Co sprawiło, że zdecydowała się Pani zagrać w "Kamerdynerze" - reżyser czy ciekawy scenariusz?

- I jedno, i drugie. Filip Bajon to marka sama w sobie. Ale scenariusz, który dostałam, też mnie zainteresował. Zawsze jest tak, że scenariusz w czasie realizacji filmu jest poddawany zmianom. Ale tym razem wszystkie wersje, które do mnie trafiały, były cudowne. Ta pierwsza zrobiła na mnie największe wrażenie, ponieważ była wręcz nieprawdopodobną panoramą ludzkich losów. Wszystkie wątki były podomykane, bohaterowie mieli swoje opowiedziane do końca życiorysy. Potem trzeba było jednak dokonać selekcji poszczególnych wątków. Niektóre zostały skrócone. Trochę mi tego żal, ale być może serial, o którym wiem już na pewno, że powstanie, w swoich siedmiu odcinkach choć trochę dopowie i dopełni wątki wszystkich bohaterów występujących w filmie.

Pani musiała pokazać w filmie przemiany swej bohaterki, jakim podlegała przez 45 lat. To trudne wyzwanie?

- To było niesamowite zadanie: pokazać 45 lat z życia kobiety. Nie tylko dla mnie, ale też dla pionu charakteryzującego. Gerda w moim odczuciu została wspaniale stworzona przez scenarzystów mężczyzn, z olbrzymią znajomością kobiecej psychiki i emocjonalności w różnym wieku.
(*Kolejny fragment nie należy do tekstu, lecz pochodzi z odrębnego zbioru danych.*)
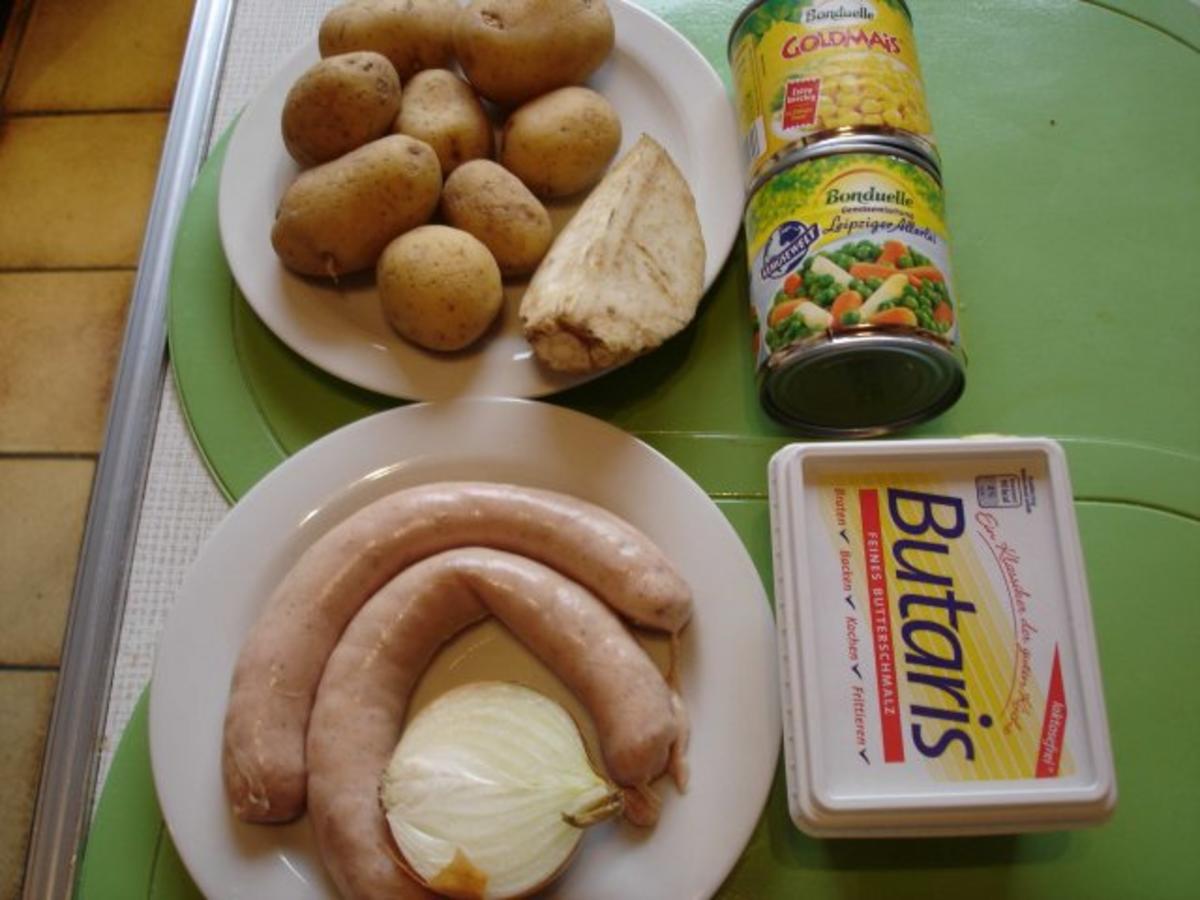 Feine Bratwurst mit Selleriestampfkartoffeln und Gemüse - Rezept - Bild Nr. 2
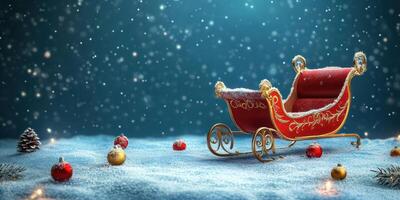Snowy winter scene with a decorated sleigh surrounded by ornaments and pine cones photo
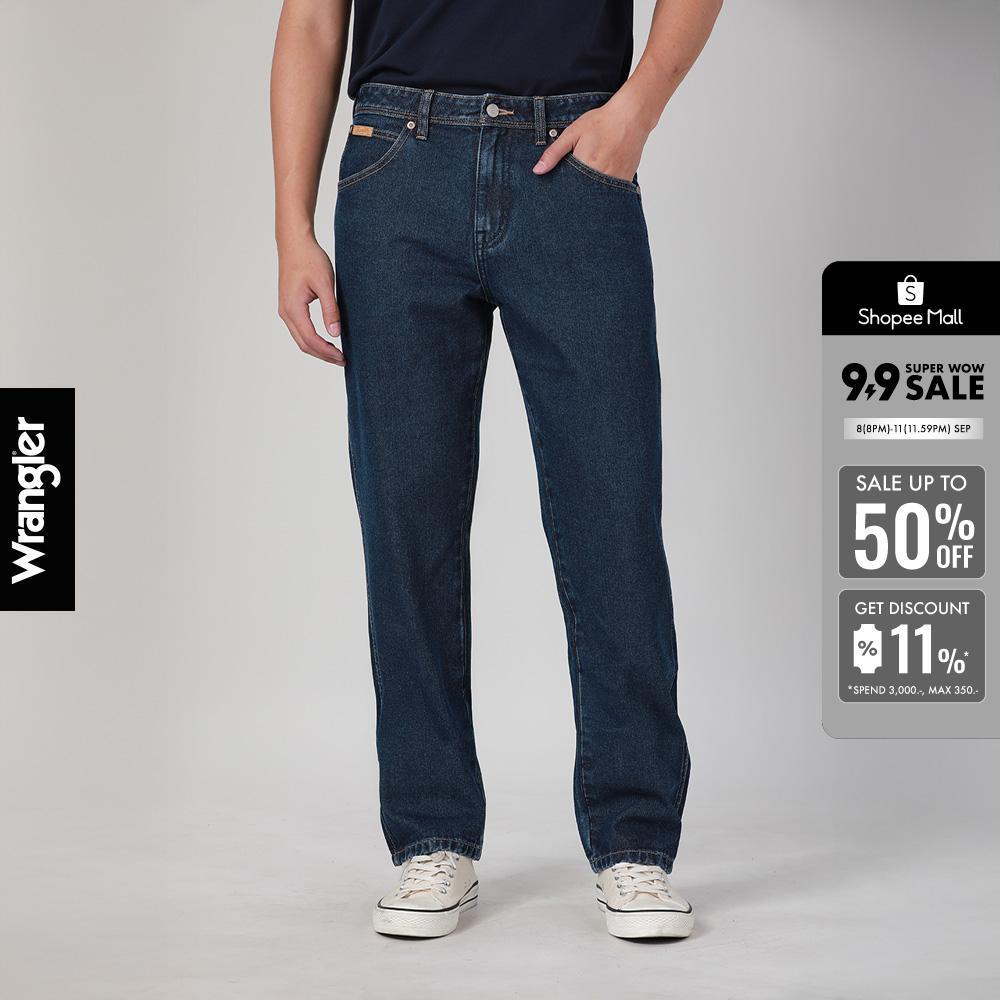WRANGLER กางเกงยีนส์ผู้ชาย เอวกลาง ทรงตรง ทรง Texas รุ่น WR F525MTEXF48 สียีนส์กลาง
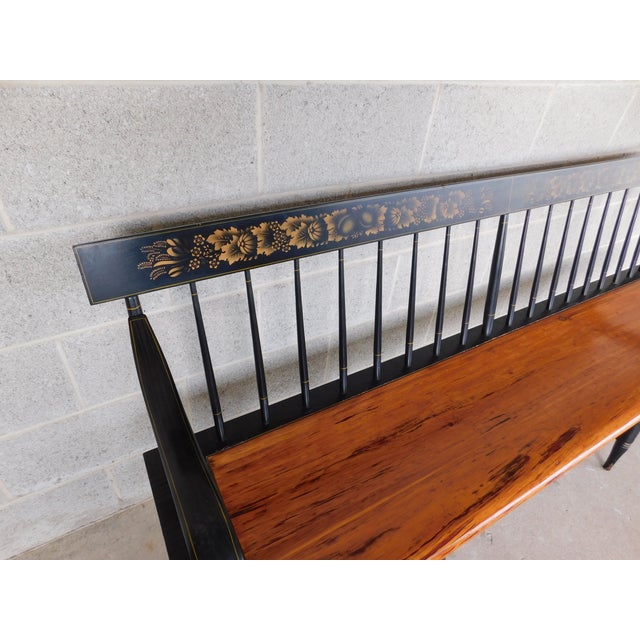 L Hitchcock Harvest Stenciled Black Country Bench 72"w For Sale In Philadelphia - Image 6 of 17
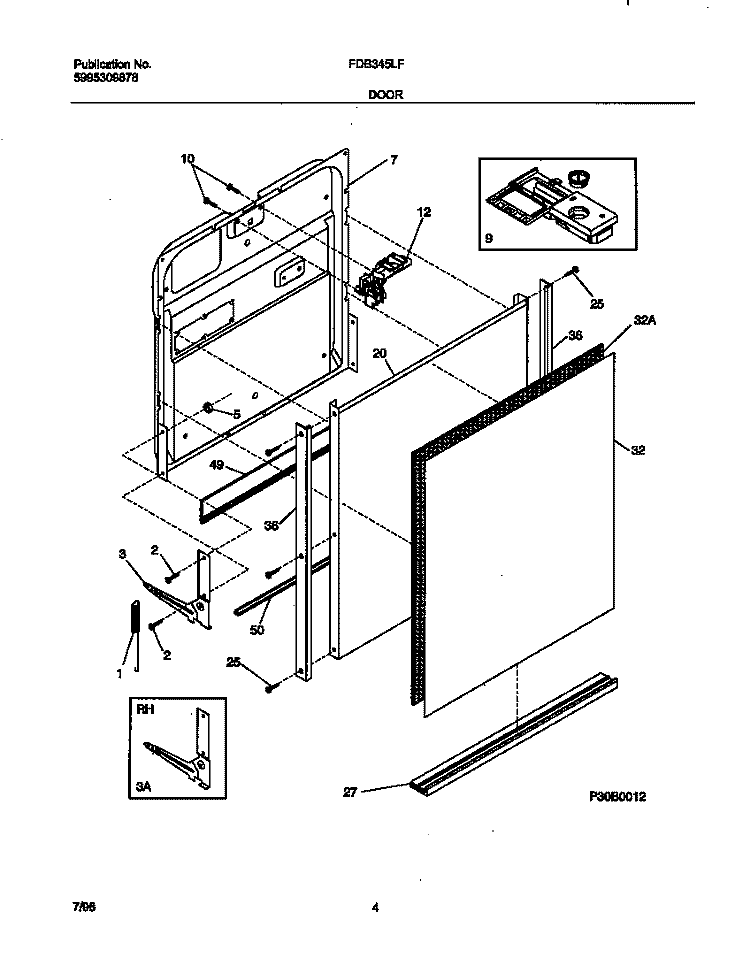 DOOR Diagram and Parts List for FDB345LFR0  Frigidaire Dishwasher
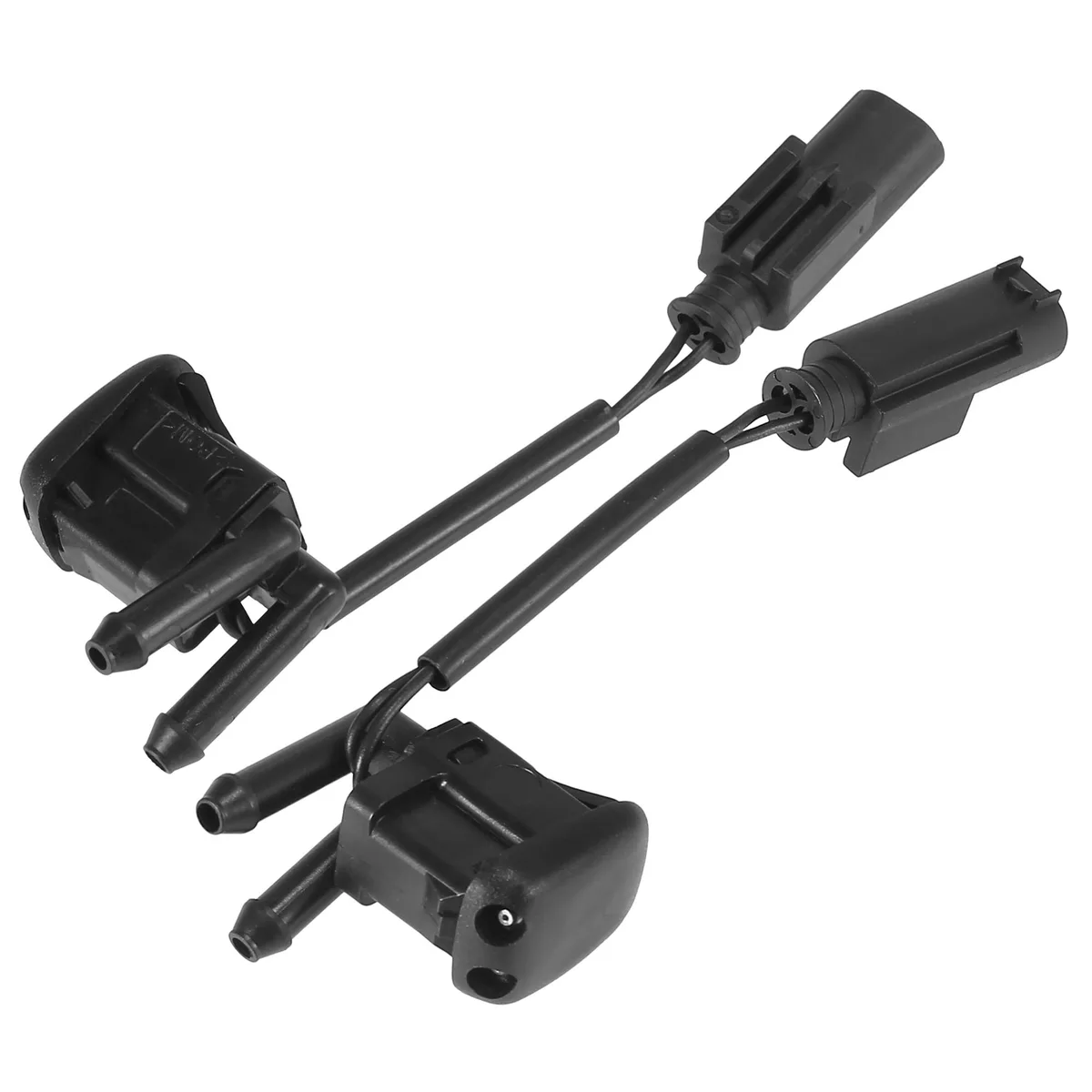 Pair of black plastic heated washer nozzles for BMW 5 E39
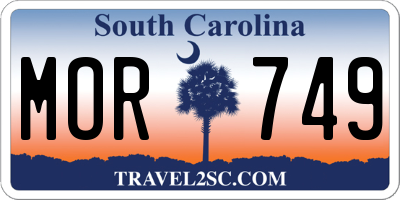 SC license plate MOR749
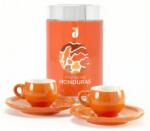 Danesi Комплект Danesi Duo Plus Orange Honduras Beans - Касета за тъмно кафе на зърна 250 г + 2 чаши и 2 чинийки - оранжево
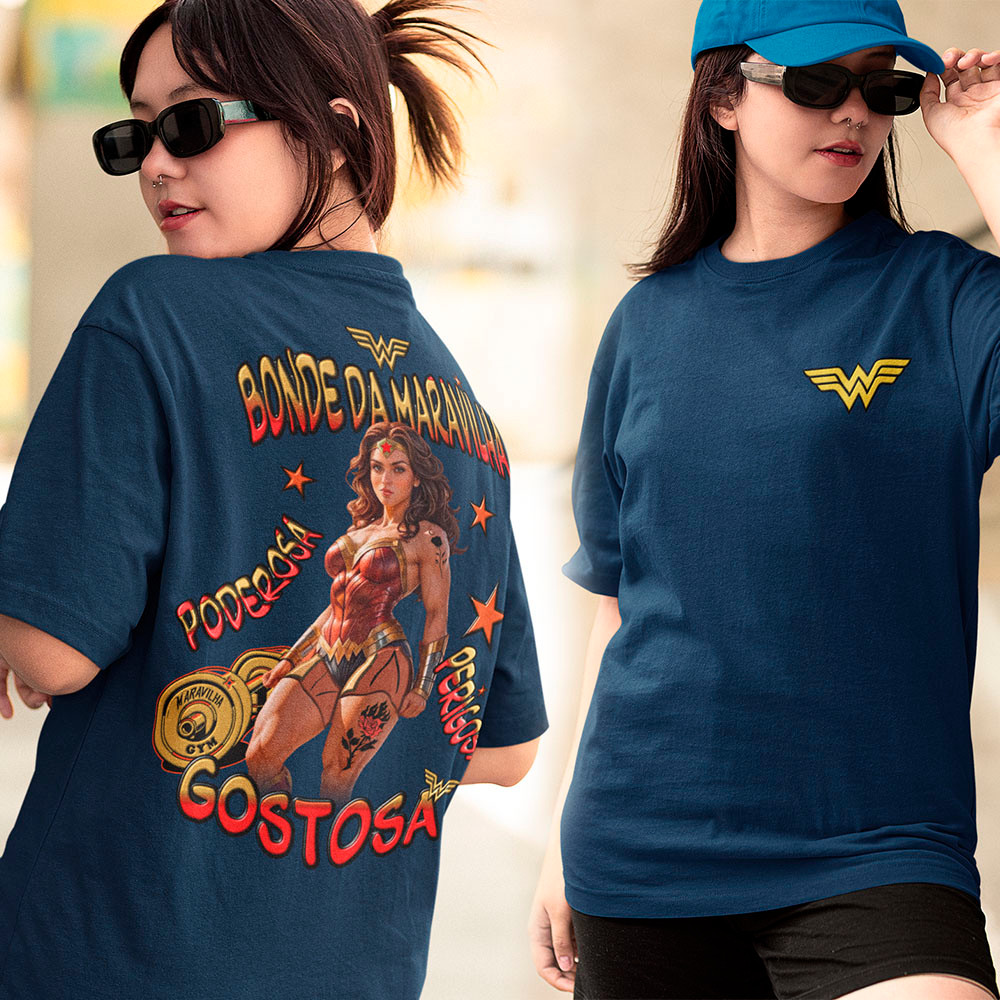 Camiseta Mulher Maravilha Blusa De treino Camisa Algodão Academia Bonde Da Maravilha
Ja sama znajduję się gdzieś pośrodku wieku, który pokazuję przy pomocy mojej bohaterki. Nie mam już trzydziestu lat, ale też nie mam jeszcze osiemdziesięciu. Mogłam więc przypominać sobie, jak to było, kiedy miałam trzydziestkę i bardzo mocno posiłkować się tym, co było w scenariuszu, jeśli chodzi o osiemdziesiątkę. Jak zmienia się optyka postrzegania siebie i drugiego człowieka, jakie miejsce mają stracone szanse i uczucia - z perspektywy sześćdziesięcio- czy siedemdziesięcioletniej Gerdy. Powstał bardzo czuły i piękny portret, pełen niuansów, ale też niezwykłej siły. I chyba udało mi się go oddać, bo takie słyszę pierwsze głosy.

"Kamerdyner" to było Pani pierwsze spotkanie z Filipem Bajonem?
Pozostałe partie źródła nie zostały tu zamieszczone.